REQUIRED ACTION:
Locate "Three beige plastic" in the data below, then output the line it is on and all following lines through the last, word for word. Skip any pictures.

SUPPLIED MATERIAL:
====
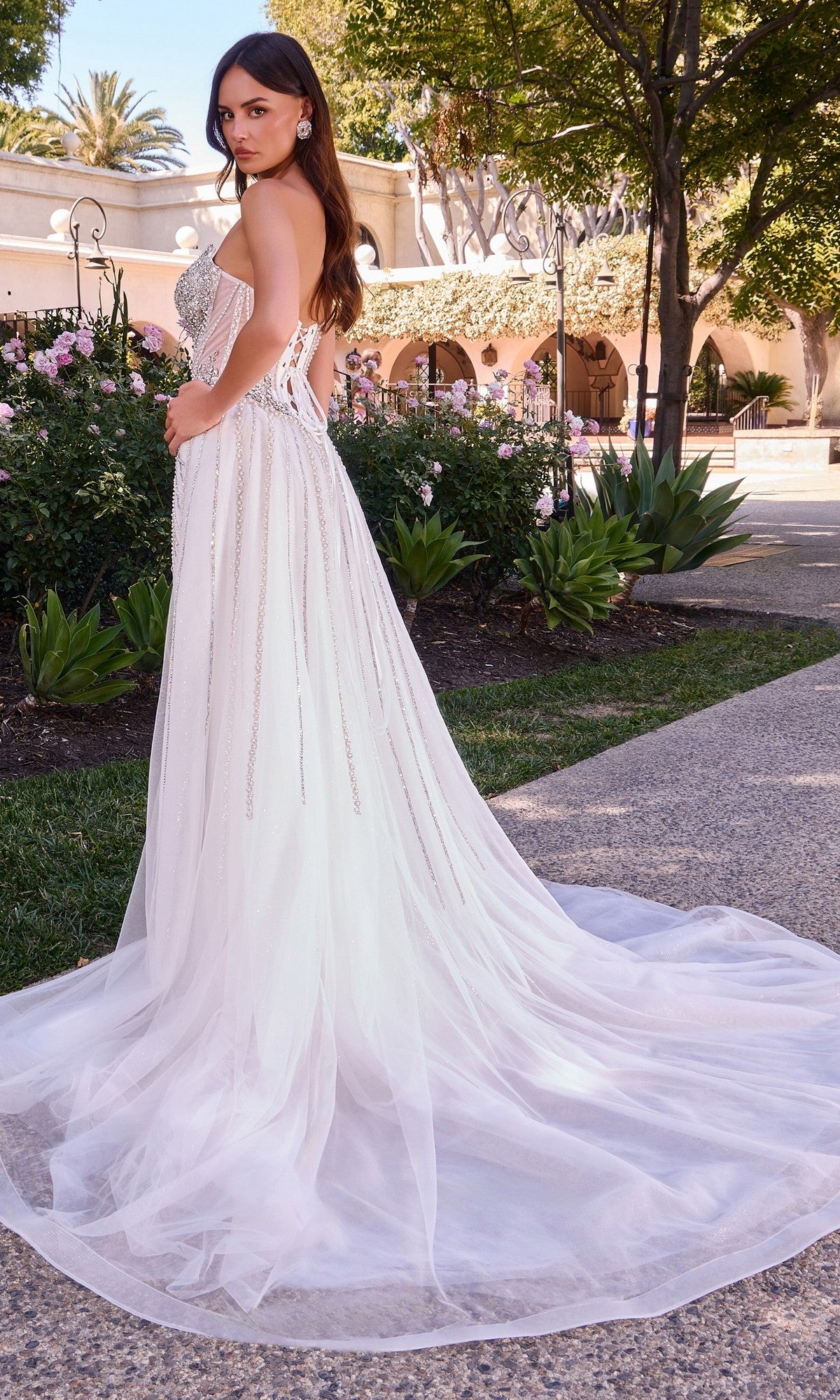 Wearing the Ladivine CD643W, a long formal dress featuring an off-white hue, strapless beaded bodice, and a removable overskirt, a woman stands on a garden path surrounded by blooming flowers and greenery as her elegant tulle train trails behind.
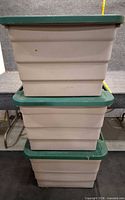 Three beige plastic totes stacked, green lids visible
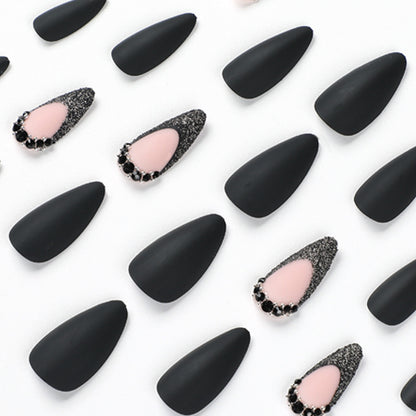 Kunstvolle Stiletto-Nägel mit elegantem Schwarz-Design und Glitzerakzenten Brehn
====
SOLUTION TO THE PROBLEM:
 Three beige plastic totes stacked, green lids visible
 Kunstvolle Stiletto-Nägel mit elegantem Schwarz-Design und Glitzerakzenten Brehn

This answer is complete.